Now, pending home sales are not done deals — the paperwork has started, but the sale probably won’t close for a month or two. More housing paperwork in February is a sign of something that happened a month or two earlier.

“The main reason was lower mortgage rates we had during December and January,” said Nadia Evangelou, senior economist for the National Association of Realtors. 

Mortgage rates also dipped between January and early February, from 6.5% to 6.1%. That was enough for tens of thousands of homebuyers to pounce. And the fact that so many homebuyers lunged at the opportunity is a sign of how stressed they are, said Danielle Hale, chief economist at Realtor.com. 

“A lot of home shoppers are at the edge of their budget range, and when mortgage rates come down, that creates a little more breathing room,” she said.

But, of course, mortgage rates didn’t stay down; they ticked back up in February, then started to tick back down this month.

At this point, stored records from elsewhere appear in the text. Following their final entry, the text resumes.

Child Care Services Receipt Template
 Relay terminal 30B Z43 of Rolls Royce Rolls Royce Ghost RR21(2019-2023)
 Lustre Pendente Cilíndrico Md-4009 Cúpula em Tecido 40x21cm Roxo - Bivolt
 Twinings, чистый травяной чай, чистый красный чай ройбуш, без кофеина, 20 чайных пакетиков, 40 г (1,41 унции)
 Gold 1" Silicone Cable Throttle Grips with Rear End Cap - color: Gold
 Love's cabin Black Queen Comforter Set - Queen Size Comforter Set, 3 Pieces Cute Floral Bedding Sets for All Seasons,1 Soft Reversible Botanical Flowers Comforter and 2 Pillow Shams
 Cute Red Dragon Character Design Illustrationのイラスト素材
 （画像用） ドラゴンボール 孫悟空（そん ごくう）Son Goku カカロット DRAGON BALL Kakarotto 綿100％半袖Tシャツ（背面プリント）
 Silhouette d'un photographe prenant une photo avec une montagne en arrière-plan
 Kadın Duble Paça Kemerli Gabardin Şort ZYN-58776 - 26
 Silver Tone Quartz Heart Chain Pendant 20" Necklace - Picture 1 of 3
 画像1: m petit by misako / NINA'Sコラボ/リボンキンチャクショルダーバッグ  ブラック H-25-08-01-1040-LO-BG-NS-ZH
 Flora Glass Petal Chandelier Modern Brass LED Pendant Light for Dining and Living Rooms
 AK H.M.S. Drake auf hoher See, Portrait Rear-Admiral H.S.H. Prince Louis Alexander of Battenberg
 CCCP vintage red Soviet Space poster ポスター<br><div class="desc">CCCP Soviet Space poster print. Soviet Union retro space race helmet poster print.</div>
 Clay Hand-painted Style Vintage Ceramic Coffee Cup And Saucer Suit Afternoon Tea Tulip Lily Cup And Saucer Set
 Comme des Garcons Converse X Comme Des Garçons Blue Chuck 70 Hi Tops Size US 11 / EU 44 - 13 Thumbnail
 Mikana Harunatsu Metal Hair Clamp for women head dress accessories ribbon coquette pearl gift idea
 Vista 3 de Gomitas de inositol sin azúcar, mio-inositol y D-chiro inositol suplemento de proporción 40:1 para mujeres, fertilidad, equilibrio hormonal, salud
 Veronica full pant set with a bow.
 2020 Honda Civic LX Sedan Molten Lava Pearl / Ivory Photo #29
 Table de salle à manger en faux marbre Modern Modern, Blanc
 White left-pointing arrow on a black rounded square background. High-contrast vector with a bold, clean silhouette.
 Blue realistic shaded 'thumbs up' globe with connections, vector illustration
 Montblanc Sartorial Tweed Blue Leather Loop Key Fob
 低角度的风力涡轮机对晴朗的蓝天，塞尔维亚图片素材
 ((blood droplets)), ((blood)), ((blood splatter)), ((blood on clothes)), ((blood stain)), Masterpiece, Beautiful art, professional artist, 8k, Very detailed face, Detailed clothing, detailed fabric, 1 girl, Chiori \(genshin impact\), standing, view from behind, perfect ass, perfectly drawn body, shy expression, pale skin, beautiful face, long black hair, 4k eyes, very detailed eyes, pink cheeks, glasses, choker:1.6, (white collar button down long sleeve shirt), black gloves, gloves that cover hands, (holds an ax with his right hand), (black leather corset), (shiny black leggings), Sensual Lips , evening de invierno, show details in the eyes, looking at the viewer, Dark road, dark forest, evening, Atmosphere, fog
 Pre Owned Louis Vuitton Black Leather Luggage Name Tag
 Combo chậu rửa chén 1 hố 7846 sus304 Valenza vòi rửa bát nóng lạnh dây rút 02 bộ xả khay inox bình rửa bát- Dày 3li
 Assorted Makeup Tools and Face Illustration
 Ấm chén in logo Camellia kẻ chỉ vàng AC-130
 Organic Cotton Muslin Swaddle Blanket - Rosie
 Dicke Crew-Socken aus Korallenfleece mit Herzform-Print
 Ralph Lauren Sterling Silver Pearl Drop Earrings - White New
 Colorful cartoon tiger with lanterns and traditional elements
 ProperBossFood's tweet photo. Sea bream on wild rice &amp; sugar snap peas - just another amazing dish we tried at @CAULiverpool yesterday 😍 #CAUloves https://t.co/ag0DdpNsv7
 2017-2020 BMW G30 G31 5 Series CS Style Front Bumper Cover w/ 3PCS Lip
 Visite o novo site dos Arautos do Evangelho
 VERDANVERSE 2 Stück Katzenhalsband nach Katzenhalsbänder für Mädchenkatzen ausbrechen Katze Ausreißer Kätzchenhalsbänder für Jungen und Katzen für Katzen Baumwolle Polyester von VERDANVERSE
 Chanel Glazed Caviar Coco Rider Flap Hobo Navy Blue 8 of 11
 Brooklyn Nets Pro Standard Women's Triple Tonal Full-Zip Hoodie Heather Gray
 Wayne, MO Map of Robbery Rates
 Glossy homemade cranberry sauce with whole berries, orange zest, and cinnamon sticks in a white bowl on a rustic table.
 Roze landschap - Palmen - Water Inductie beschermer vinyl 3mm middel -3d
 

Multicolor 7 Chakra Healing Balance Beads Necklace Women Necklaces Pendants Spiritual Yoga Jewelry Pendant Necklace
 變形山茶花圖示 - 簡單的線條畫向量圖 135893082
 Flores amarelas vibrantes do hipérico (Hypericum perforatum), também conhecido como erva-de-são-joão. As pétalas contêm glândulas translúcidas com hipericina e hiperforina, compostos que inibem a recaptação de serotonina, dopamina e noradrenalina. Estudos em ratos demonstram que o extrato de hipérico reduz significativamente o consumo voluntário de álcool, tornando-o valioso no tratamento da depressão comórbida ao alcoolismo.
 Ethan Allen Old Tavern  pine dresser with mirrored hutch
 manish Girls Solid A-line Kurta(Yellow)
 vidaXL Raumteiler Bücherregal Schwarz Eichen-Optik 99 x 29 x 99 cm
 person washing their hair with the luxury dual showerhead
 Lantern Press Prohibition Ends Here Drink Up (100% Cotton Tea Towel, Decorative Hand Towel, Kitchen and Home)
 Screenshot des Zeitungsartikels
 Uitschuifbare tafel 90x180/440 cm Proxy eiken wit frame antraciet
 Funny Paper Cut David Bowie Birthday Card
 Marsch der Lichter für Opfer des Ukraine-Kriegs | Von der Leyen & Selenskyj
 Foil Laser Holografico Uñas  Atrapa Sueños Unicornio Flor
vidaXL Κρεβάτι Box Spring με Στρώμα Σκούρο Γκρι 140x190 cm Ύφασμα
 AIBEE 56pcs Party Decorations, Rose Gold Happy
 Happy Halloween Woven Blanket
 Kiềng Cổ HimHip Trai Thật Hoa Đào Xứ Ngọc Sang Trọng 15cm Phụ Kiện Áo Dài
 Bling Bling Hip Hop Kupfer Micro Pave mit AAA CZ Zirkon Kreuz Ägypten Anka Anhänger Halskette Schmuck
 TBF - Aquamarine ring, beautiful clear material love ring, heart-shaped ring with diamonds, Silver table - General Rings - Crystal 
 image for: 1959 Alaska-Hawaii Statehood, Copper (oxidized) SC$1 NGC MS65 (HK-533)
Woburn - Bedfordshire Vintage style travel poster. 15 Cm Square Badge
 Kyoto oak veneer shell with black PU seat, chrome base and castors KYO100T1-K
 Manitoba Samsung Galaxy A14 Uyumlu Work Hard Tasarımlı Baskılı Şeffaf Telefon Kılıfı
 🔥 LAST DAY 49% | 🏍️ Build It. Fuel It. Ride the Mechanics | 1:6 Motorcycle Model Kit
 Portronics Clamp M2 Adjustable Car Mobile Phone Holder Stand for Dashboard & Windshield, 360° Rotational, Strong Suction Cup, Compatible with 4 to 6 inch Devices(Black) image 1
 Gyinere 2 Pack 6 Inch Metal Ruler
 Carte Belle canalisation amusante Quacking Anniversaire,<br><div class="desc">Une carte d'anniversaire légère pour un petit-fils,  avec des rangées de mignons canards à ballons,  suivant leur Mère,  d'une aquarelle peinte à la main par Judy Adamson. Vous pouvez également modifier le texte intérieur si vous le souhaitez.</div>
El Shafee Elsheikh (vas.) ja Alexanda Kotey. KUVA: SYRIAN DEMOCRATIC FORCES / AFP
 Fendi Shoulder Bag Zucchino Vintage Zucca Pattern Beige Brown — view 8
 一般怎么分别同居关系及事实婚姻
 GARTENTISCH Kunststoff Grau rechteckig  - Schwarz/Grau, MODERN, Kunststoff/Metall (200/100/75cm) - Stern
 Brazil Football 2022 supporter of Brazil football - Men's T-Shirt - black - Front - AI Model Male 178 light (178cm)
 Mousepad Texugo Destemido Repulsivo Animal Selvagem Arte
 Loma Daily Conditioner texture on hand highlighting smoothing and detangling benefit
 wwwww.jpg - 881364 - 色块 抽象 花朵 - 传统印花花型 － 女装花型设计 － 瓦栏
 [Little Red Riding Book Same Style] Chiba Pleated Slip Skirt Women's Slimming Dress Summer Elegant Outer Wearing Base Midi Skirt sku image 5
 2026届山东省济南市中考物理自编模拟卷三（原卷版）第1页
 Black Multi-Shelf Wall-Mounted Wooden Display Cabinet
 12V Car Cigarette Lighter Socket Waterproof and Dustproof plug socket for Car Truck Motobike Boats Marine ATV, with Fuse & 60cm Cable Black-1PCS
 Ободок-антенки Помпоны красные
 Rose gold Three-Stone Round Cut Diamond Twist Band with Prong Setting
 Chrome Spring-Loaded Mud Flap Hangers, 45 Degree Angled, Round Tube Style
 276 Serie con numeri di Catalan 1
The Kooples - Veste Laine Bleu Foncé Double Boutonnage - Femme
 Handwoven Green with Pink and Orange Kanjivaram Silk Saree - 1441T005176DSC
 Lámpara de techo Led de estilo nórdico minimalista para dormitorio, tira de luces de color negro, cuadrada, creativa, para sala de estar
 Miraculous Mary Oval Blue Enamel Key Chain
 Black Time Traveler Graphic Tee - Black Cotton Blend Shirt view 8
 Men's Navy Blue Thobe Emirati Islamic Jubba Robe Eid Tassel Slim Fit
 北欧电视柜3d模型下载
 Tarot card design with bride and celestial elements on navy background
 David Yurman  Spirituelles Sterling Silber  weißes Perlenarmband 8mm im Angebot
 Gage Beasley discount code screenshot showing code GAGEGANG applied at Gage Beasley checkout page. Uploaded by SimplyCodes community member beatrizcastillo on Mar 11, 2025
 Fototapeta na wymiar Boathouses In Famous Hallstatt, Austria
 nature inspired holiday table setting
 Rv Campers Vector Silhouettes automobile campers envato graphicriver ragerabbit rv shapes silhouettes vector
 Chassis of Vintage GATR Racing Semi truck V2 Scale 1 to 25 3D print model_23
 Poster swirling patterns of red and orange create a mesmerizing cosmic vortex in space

A bumpy ride for mortgage rates means a bumpy ride for home sales.

“If mortgage rates rise from here, then home sales will continue to be very slow and housing activity will be very slow,” said Igor Popov, chief economist at Apartment List. “But if mortgage rates continue to fall, then we might see that a lot of these potential buyers on the sidelines start to get out there and buy homes.”

And what will happen to mortgage rates has a lot to do with what the Federal Reserve does with interest rates. Surveys from the New York Fed show that Americans expect mortgages to hit about 8% a year from now.